◆ DIRECTIONS FOR THIS TASK
Only the lines of the data below from the one with "4 bedroom house" through the one with "(Category: ) located" are wanted. Repeat them exactly.

◆ THE RECORDS

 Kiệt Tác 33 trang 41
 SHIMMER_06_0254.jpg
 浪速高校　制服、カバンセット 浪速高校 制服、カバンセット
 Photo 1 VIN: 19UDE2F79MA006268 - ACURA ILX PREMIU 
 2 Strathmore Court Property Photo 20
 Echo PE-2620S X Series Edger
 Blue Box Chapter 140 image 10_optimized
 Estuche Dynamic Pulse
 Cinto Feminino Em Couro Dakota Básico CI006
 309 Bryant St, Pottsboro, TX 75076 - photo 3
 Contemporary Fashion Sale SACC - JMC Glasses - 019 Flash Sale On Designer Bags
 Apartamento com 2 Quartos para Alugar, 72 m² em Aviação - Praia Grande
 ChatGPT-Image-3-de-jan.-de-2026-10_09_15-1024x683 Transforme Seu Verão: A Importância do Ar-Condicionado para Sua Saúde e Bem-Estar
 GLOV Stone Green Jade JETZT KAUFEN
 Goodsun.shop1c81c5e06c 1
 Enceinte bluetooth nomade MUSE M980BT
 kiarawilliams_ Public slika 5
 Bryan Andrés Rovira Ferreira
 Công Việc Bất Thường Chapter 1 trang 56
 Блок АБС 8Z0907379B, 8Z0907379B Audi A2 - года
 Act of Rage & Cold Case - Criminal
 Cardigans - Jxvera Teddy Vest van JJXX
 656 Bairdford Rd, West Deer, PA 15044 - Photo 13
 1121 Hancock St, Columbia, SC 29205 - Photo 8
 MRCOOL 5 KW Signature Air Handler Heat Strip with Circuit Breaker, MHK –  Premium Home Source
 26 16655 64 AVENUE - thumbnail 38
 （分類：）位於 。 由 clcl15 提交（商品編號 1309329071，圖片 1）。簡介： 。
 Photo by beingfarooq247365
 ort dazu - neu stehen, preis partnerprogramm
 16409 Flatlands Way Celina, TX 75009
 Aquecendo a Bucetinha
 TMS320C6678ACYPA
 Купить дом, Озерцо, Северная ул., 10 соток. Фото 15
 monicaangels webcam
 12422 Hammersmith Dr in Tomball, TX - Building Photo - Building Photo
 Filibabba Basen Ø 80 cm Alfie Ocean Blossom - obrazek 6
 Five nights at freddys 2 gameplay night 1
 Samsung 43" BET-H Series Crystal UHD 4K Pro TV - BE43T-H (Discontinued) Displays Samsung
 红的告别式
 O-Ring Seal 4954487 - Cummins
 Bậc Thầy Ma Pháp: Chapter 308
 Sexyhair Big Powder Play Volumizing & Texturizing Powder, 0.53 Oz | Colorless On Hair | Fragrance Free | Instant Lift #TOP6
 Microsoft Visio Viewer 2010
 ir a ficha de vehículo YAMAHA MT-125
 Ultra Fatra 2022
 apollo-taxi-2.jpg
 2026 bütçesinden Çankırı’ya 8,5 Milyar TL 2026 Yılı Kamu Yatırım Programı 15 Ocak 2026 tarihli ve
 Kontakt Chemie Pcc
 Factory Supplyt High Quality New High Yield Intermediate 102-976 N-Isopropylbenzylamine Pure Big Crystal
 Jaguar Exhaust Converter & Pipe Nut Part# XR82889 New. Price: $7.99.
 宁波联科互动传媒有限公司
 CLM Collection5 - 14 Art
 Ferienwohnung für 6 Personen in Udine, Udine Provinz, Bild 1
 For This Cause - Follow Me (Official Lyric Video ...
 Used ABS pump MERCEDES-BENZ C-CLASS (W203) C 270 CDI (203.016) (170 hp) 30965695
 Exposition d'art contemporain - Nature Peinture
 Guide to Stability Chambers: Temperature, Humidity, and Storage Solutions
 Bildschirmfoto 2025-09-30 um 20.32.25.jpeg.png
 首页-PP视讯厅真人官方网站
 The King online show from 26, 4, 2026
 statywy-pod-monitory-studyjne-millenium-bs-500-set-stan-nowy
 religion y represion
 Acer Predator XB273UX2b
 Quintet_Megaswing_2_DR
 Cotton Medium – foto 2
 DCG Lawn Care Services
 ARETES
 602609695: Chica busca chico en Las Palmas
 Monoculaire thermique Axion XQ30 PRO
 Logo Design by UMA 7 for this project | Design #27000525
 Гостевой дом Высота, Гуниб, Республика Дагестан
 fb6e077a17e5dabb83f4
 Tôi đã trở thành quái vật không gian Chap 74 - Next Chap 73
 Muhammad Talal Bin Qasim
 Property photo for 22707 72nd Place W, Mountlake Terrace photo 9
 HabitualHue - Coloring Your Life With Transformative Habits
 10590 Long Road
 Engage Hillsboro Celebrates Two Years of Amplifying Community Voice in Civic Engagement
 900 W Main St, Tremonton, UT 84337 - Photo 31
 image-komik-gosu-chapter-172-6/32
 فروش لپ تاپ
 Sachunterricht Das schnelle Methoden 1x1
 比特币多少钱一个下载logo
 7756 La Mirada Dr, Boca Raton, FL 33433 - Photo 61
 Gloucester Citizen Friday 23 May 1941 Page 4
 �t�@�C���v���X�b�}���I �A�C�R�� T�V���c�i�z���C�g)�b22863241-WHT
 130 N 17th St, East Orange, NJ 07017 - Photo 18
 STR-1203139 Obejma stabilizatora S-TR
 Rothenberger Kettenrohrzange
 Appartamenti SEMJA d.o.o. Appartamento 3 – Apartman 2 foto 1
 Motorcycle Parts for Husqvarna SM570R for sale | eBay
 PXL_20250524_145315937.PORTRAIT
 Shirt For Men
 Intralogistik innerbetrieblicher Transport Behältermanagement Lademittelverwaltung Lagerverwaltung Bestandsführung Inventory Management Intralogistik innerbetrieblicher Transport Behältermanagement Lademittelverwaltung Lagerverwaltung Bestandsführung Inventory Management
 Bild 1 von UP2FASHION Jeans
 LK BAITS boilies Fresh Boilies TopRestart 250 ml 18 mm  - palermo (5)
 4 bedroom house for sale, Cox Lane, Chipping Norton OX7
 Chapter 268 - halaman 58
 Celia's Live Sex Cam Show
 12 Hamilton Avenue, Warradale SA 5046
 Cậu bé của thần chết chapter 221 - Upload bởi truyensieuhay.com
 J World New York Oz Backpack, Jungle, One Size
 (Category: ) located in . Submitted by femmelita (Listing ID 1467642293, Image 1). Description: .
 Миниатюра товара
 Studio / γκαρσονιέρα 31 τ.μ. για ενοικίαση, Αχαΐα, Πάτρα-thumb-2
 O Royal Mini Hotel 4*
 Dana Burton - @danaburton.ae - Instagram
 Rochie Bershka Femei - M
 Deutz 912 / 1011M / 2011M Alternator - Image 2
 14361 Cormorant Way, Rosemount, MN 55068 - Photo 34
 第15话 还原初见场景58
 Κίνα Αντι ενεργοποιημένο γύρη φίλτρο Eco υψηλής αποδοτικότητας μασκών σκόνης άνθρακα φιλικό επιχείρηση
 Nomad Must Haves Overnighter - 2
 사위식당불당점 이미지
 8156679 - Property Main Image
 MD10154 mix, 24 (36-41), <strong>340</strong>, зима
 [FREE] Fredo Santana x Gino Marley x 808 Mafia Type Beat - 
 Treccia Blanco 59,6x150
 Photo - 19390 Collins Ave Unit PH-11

◆ WRITTEN RESPONSE
 4 bedroom house for sale, Cox Lane, Chipping Norton OX7
 Chapter 268 - halaman 58
 Celia's Live Sex Cam Show
 12 Hamilton Avenue, Warradale SA 5046
 Cậu bé của thần chết chapter 221 - Upload bởi truyensieuhay.com
 J World New York Oz Backpack, Jungle, One Size
 (Category: ) located in . Submitted by femmelita (Listing ID 1467642293, Image 1). Description: .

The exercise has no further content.